Tuesday, October 11, 2011

Studi Kritis Sirah Nabawiyah versi Jalaluddin Rakhmat (2)


16 09 2010
Memurnikan Ajaran Islam
Dari berbagai komentar, yang menarik adalah yang disampaikan oleh Oman Abdurahman. Kang Oman menulis:
“Untuk sejarah Sirah Nabawiyyah saya setuju dengan metode Kang Jalal yang ternyata cukup ampuh. Banyak pertanyaan sekitar muatan hadist yang saya rasakan mengganggu dapat terpecahkan dengan solusi hasil dari metode tersebut. 

“Selain dari itu, metode tersebut membuat kita lebih kritis dan mengantarkan pada temuan-temuan yang terkadang mencengangkan, di samping juga lebih memurnikan ajaran Islam dari takhayul, mitos, dan rekaan-rekaan.

“Asumsi bahwa Nabi Muhammad saw sebagai uswatun hasanah sangat ampuh dalam menjawab keraguan-raguan terhadap muatan beberapa hadist yang dikenal selama ini. Sebagai contoh, hadist tentang cara menanam kurma yang mashur sebagai asal-usul atau asbabun nujul hadist yang terkenal “Antum ‘alamu bi umuri dunyaukum” yang membawa konsekuensi pemisahan antara urusan dunia dengan urusan akhirat, dengan metode studi kritis atas hadist (Sirah Nabawiyah) patut dipertanyakan kembali. Masa Rasulullah saw yang mulia yang dalam kehidupan sehari-harinya aktif dalam urusan sosial dan urusan hidup sehari-hari (berdagang, ikut berperang sejak kecil mempertahankan kabilah) tidak mengenal cara menama kurma? Akan sangat mengurangi kemuliaannya apabila seorang Rasul penutup para utusan Allah tidak sadar akan ucapannya yang sangat besar implikasinya itu.

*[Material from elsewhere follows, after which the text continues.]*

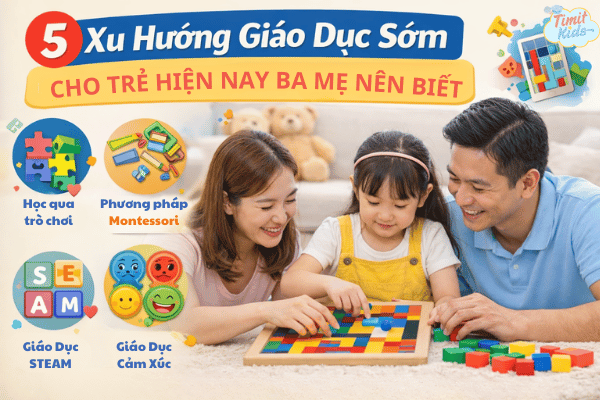 xu hướng giáo dục sớm cho trẻ hiện nay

“Demikian pula hadist tentang asababun nuzul turunnya surah Al Falaq dan An Naas yang bertentangan dengan tingkat kesadaran spiritual Nabi saw (sehingga tidak mungkin seorang Nabi saw terkena sihir. Bila hendak menjadikan surah tersebut untuk mencegah sihir dan sejenisnya, Alloh tidak perlu merendahkan derajat Nabi saw – sampai harus terkena sihir segala macam- sebagai asbabun nuzulnya). Banyak lagi peristiwa yang diberitakan sejumlah hadist yang patut kita kritisi. Semua itu tidak bermakna kita harus menjadi atau mendapat label sebagai ‘inkar sunnah’.

Komentar Kang Oman tersebut mengingatkan saya pada sesepuh Jawa Barat Tjetje Hidayat Padmadinata dalam acara diskusi buku “Api Sejarah” di Redaksi Pikiran Rakyat Bandung. Tjetje Hidayat Padmadinata menerangkan, sekarang ini era reformasi sehingga setiap orang bebas untuk berpendapat dan menyampaikan pemikirannya asal berdasarkan dalil yang jelas. Mungkin dalam hal ini didasarkan pada kajian ilmiah yang kebenarannya menjadi standar dunia. Karena itu, label “inkar sunnah” bagi yang mengkritisi sunnah Nabi atau sirah nabawiyah tidak perlu dihiraukan. 

Saya kira munculnya label “inkar sunnah” lahir dari mereka yang tidak mampu untuk “bertarung” secara ilmiah dalam membuktikan kebenarannya.


Abdul Karim Souroush
Saya juga jadi teringat pada Abdul Karim Souroush bahwa pemahaman agama oleh sebagian umat Islam telah dijadikan sakral dan yang sakral berupa “nash-nash” malah ditinggalkan. Dari hal inilah tampaknya kita perlu membedakan antara agama sebagai kebenaran dan agama sebagai identitas yang lahir dari berbagai tafsir atau pemahaman dari “nash” agama.

Saya kira Kang Oman lebih tahu tentang sejarah munculnya aliran yang disebut inkar sunnah di Indonesia kemudian merebak di Malaysia. Pada kajian kali ini, aliran tersebut, saya yakin tidak akan disematkan oleh jamaah yang cerdas dan tercerahkan pada mereka yang bersikap kritis dan hendak ‘membersihkan’ berbagai kotoran yang menodai sosok Baginda Al-Mushthafa Nabi Muhammad saw.